== AVAILABLE DATA

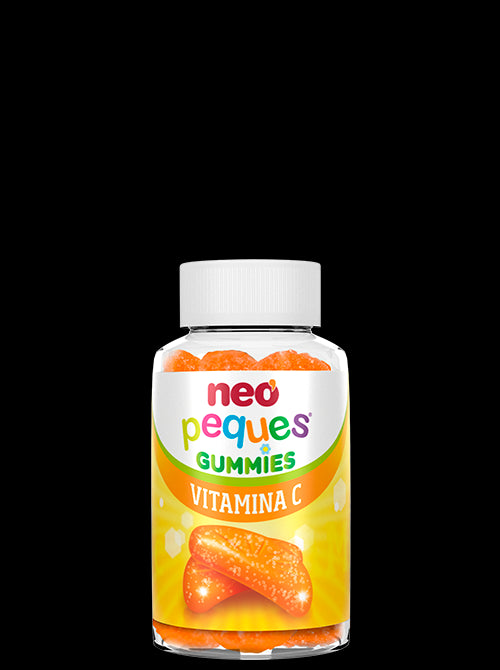 Neovital Neo Peques Gummies Vitamin C 30 Gummies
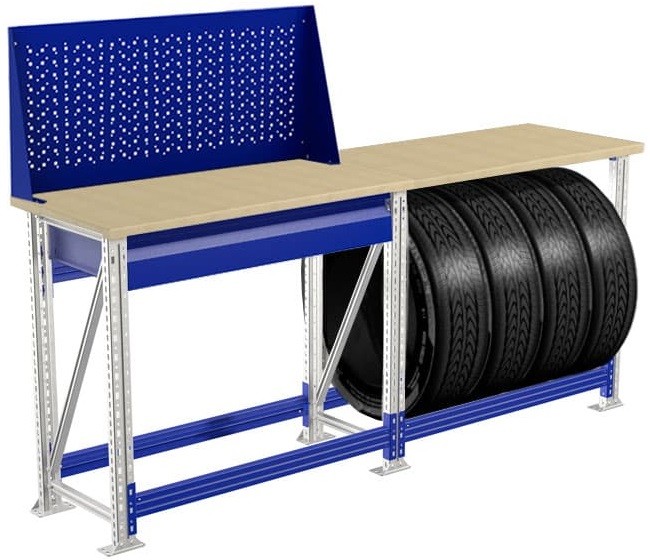Верстак Master M100.MF1 / MF1 / MF1.110.000 купить в Воронеже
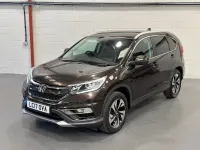 Used Honda CR-V EX 2017 Bronze SUV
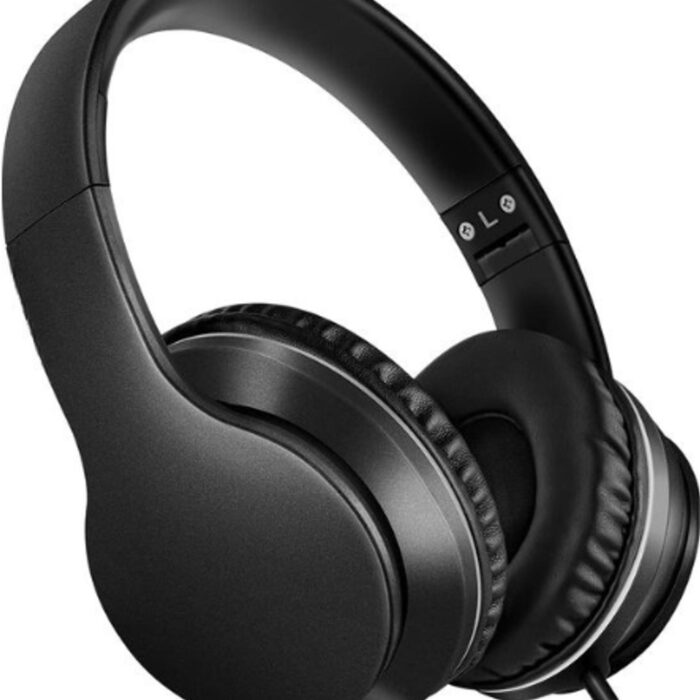 StayPowered - Koptelefoon met Microfoon - Zwart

====

TASK TO CARRY OUT: In full and without error, repeat the listing above, omitting its images.

SOLVED EXERCISE:
 Neovital Neo Peques Gummies Vitamin C 30 Gummies
Верстак Master M100.MF1 / MF1 / MF1.110.000 купить в Воронеже
 Used Honda CR-V EX 2017 Bronze SUV
 StayPowered - Koptelefoon met Microfoon - Zwart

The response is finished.